Ex-GlusterFS person here (used to work at Red Hat on the project side, leaving mid last year).
"Small file access", and "lots of files in a directory" have been a pain point with GlusterFS for ages. The 3.7.0 release had some important improvements in it, specificially designed to help fix that:
The latest Gluster release is 3.7.8 (the same series as 3.7.0), and is worth looking at if you're needing a good distributed file system. If you have something like 1Mill files in a single directory though... hrmmm... NFS or other technologies might still be a better idea. ;)
Hi. I'm one of the GlusterFS developers. Hi, Justin. ;)
The basic answer to your question is that networks are slow compared to local storage. In order to get decent performance, you must either avoid network round trips or amortize their cost over many operations. We - not just GlusterFS but distributed filesystems in general - can do this pretty well for some operations. We can batch, buffer, cache, etc. This works great for plain old reads and writes to large files (for example). It doesn't work so well for operations that have to touch many small files. For those, in order to ensure the required level of consistency/currency, we have two choices.
(1) Send a request per file to get current metadata.
(2) Cache metadata, and participate in some sort of consistency protocol to make sure we don't serve stale cached information.
Both approaches have workloads where they perform better and workloads where they perform worse. In addition, the second approach adds a lot of complexity, especially in a system where failures are common and a loosely coordinated set of servers must respond (systems with a single master server have an easier time here but are less resilient). The inherent difficulty of this approach is why e.g. CephFS has taken so long to mature.
GlusterFS took the first route instead. It does mean that "ZOT" (Zillions Of Tiny files) workloads will perform poorly. I won't deny that. On the other hand, it's easier to test or prove correct, and the time not spent on solving the hard version of that problem - often for little eventual benefit - can instead be spent on other kinds of improvements. Some people are happy with that. Some are not. Some spread FUD. Some try to implement the practical equivalent of a distributed filesystem on top of some alternative (e.g. object stores) with their own even more serious limitations, and experience even more pain as a result. Some are initially unhappy with these tradeoffs, but work with us and learn to work more effectively with these limitations to enjoy other benefits. That's life in the big city.
It's not uncommon with distributed storage to err one way or another, because you have to store large amounts of data and metadata. Designing a system that does both extremely well is non-trivial. You can optimize to store a few very large files or many very small files, but doing both while scaling reliably is harder than you might think.

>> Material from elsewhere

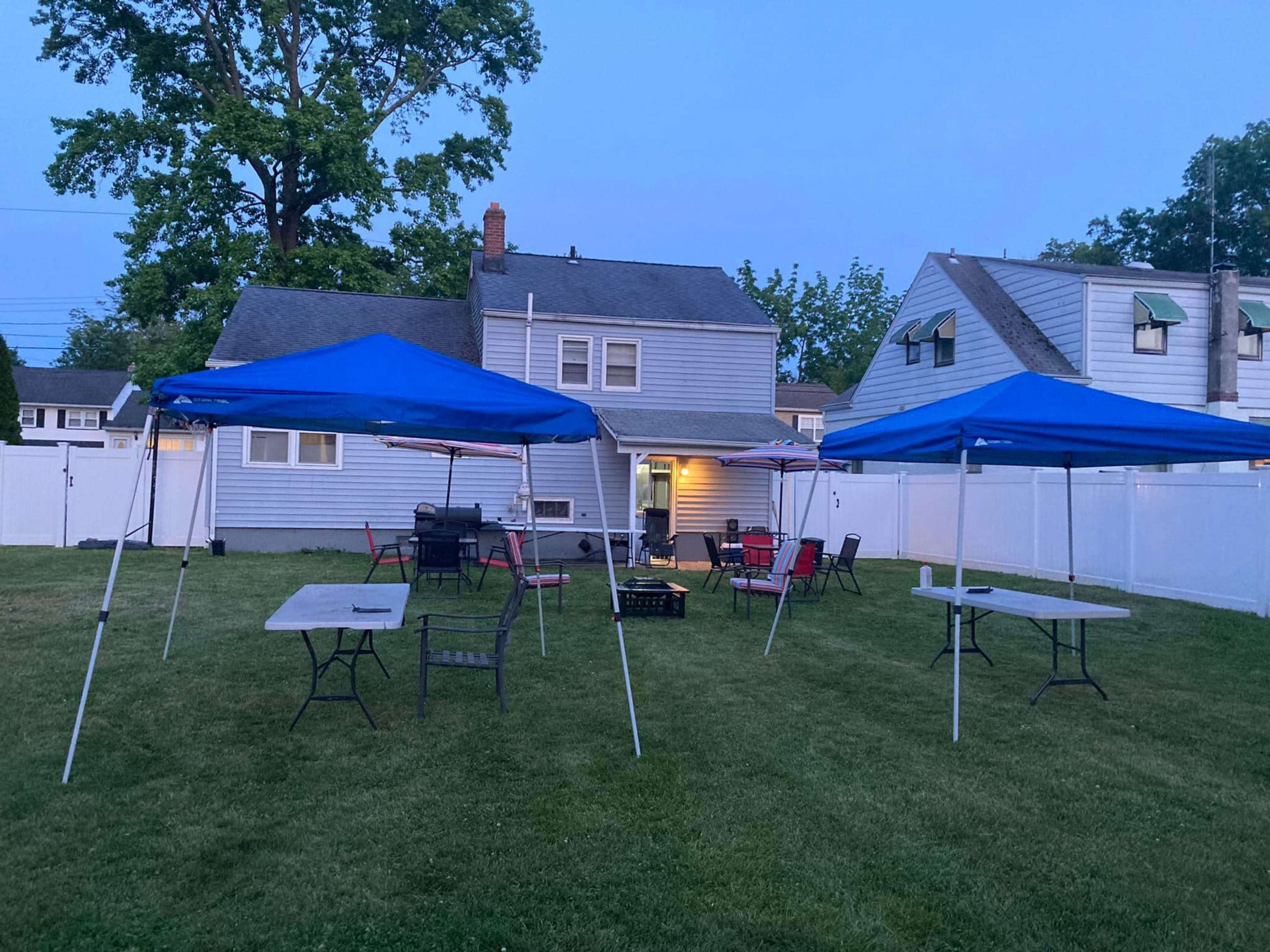 A backyard with two blue party tents set up on a grassy area in front of a house.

Naively it seems weird since metadata is just data, right? So if you can store a large amount of data in a file, you should be able to store the metadata
But I don't know shit about filesystem design, soooooo...
Well the metadata I'm referring to is the metadata required to locate a file: mappings from directory structure, filename, possibly permissions / ownership to the blocks and replicas distributed across a cluster. If you get to the point where you need start locating metadata because it might also be arbtirarily distributed you now need meta-metadata. And I'm sure you can see how complex that's going to get :)

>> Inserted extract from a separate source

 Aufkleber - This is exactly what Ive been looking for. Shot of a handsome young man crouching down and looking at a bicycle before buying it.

From memory, it was something about not having a central metadata server combined with needing to talk with each of the nodes to get their idea of "the latest version" of file info. Especially tricky when taking into account edge cases, such as when some nodes are failed/down/etc.
Unfortunately, I don't remember most of the details. It's fallen out of my headspace in the months since I've left. ;)
Well, if you use XFS/ext4/etc (local file systems), they do decently. You can make them reasonably resilient by using multiple volumes, split across hosts using SRP (eg infiniband block storage interconnect). That's pretty strictly not WAN-suitable though. ;)
I worked with a GlusterFS deployment in production about 2 years ago, and it was such a nightmare that I both feel compelled to write about it and never touch anything made by that team ever again.
It was the whole shebang: Kernel panics, inconsistent views, data loss, very slow performance, split-brain problems all the time. Our set up IIRC was very simple: two bricks in a replicated volume. It worked so poorly that we had to take it out of production. Some of our experience can be explained by GlusterFS performing poorly under network partitions, but nothing could justify kernel panics. It blew my mind that Redhat acquired that company and product.
Edit: I hope there's been a big improvement to the reliability and performance of GlusterFS. Can anyone with more recent experience running it in production comment?
I'm not a GlusterFS expert, and haven't used it before, but you should know that most consensus algorithms (Paxos, Raft, etc) only function reliably with an odd number of nodes. I have to wonder if your problems were mostly self-inflicted from having 2 nodes. Of course, any network partition in a 2-node cluster has a huge potential for data corruption, as each node now thinks it is the master (split-brain).
In a 3-node cluster, any system with a decent consensus algorithm (to be clear, I'm not sure if GlusterFS has one) would know that during a partition the cluster can only continue to operate if at least 2 nodes can communicate with each other to elect a new master.
Uh, well if you base your GlusterFS experience on that, no wonder you have a bad view on the technology. I can only assume that your setup only used two nodes, which is not really supported, and of course will cause split-brain problems. And two bricks, really? GlusterFS is best aimed for scale both on the server and client side, two bricks is not really scale.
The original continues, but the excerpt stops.